Right, but consciousness came about in humans...
See, that's the very assumption I'm questioning -- that consciousness
originated in us. Rather, our consciousness is a refinement of a trait existing in other primates, mammals, etc. to some degree or other.
But I don't think it can happen truly randomly or by accident. I think that there does need to be some degree of pressure in that direction, whether it be a selection pressure that brings it about as an emergent property of other beneficial features combined with self-reference or it be a purposeful effort by designers working on AI. Just having a pointer to yourself in your thoughts isn't enough, you need to apply that self-reference neurologically (or the closest equivalent in whatever system you're using) to modification of your thought patterns.
Sure, but there are matters of degree. And it's possible to define sentience too narrowly, as I've been saying. Maybe Starfleet computers have had a degree of sentience all along, but it wasn't recognized as such because humanity (and other Federation species) had too narrow a definition of sentience.
You mentioned
Godel, Escher Bach -- remember that one of the key points of Hofstadter's model of consciousness was that it wasn't just
one emergent process, it was an emergent property of several lower-level processes interacting, and each of those lower-level processes was itself emergent from the interaction of even lower-level processes, etc. So what I'm saying is that just because a mind doesn't have 100% of the processes that define human consciousness, that doesn't mean it has no consciousness; rather, it has portions of what we have rather than the whole thing.
After all, human consciousness itself is a variable thing. We're less conscious, by definition, when we sleep than when we're awake. I've read that there's some evidence that portions of the sleeping brain actually become more physically disengaged from each other so that cerebrospinal fluid can wash toxins and buildup out the spaces between them (which may be why sleep deprivation could increase the risk of Alzheimer's, or something like that), and that different parts of the brain operate more autonomously from each other during sleep, rather than working together as a whole. So waking consciousness is all the parts operating collectively, but when we sleep, only parts of our brain are working, or they're working independently and not as a whole. So when we dream, we have awareness, but it's a reduced level of awareness, one without judgment or clarity, and often without memory. I wouldn't say we're nonsentient when we dream, just that we don't have our full faculties. And the same would go for someone with brain damage or mental illness -- they have less than the full function of the brain, but that doesn't mean they aren't conscious beings.

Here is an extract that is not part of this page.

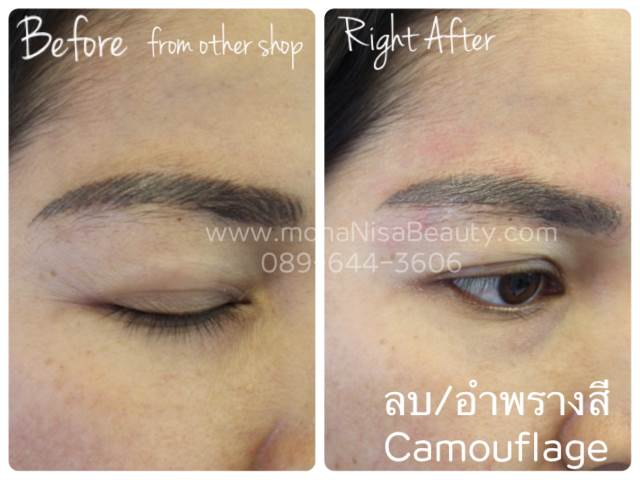 ลบรอยสักคิ้ว ตา ปาก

I think animals are probably the same way -- they have many or most of the same pieces, so they may have a consciousness similar to what a dreaming person or a toddler would have.
So maybe AI consciousness could have similar tiers. Maybe the
Enterprise computer is already somewhat sentient -- with the selection pressure producing that semi-sentience being the demands of Starfleet for efficient performance and ready understanding of the crew's requests and needs, as well as the complex processing that would be needed for the universal translator to interpret nuance and idiom and so forth -- but it isn't "awake" enough to exert its own independent will. Maybe it just takes another bit of selection pressure to create a program that operates on an "awake" level. With Moriarty, the selection pressure was "create an adversary that can defeat Data." With the Doctor, the selection pressure was the need to function effectively as a member of
Voyager's crew and community. Harder to say about "Emergence," but given how connected that entity seemed to be to the holodeck, maybe the selection pressure was the need to process all the crew's various fantasies and "dreams," to be able to function as a surrogate for a human imagination -- itself a key element of conscious thought, the ability to model alternative and future scenarios and the perceptions and choices of other minds.
I mean, I'm still enough of a Jaynesist (questionable analysis of ancient writings aside) that I'm not even sure that consciousness predated language or culture in humans.
I think that's more egocentrism, the notion that what we happen to be at this stage in our evolution is something unique and special. We've never been right about any such thing before. We weren't created in God's image. Earth wasn't made to be our home. Earth isn't the center of the universe. We're not the only species that makes tools or has language. (Chimps have been shown to have culture, by the way -- different populations have different techniques for tool use that are passed on through teaching.) And so on. So color me skeptical of any notion that affirms our own desire to be special.
I also have a probabilistic objection: Given the vast reaches of time, the billions of years in which life has been evolving and the hundreds of millions of years in which multicellular animal life has been evolving, what are the odds that we, at this particular moment in time, just happen to be within a few tens of millennia of something as revolutionary as the very first emergence of consciousness? That seems very shortsighted to me.